Joe Carter, a communications specialist with the Ethics & Religious Liberty Commission, writes that ISIS “considers rape of sex slaves to be a form of worship,” referencing a New York Times article in which a 15-year-old Yazidi girl describes the actions of a 20-year-old ISIS soldier who raped her.
“Every time that he came to rape me, he would pray,” said the girl identified only as F, the first letter of her name. “He kept telling me this is ibadah (an Islamic term meaning worship).”
Carter also referenced the October 2014 issue of the ISIS propaganda magazine Dabiq, which included an article on the “revival of slavery before the (judgment) hour,” which stated a religious justification for sex slavery; and an ISIS pamphlet which promoted the rape of even prepubescent girls.

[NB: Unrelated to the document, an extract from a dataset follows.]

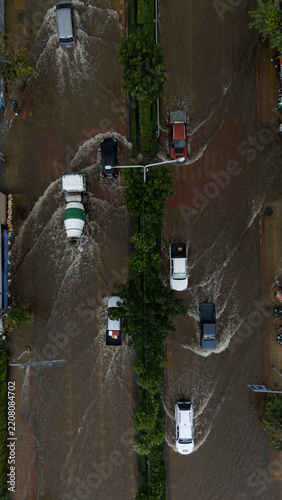 An elevated view of a flooded road with vehicles driving through the water.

ISIS currently has an estimated 3,000 girls and women enslaved, most of them Yazidi, HRW reported. Amnesty International has also chronicled the abuse.
Freedom for those enslaved lies in the hands of Muslims themselves, Ibrahim blogged.
“The solution is not to keep debating whether ISIS is or is not Islamic, as the driving texts are clear and loud,” Ibrahim wrote. “An end to rape cannot be obtained by downplaying any Islamic-related role in such terror. Neither can the solution stem from a politically-correct discourse out to avoid causing offense. … Non-Muslims cannot refute evidence offered by Muslims and embedded in Muslim sacred texts.”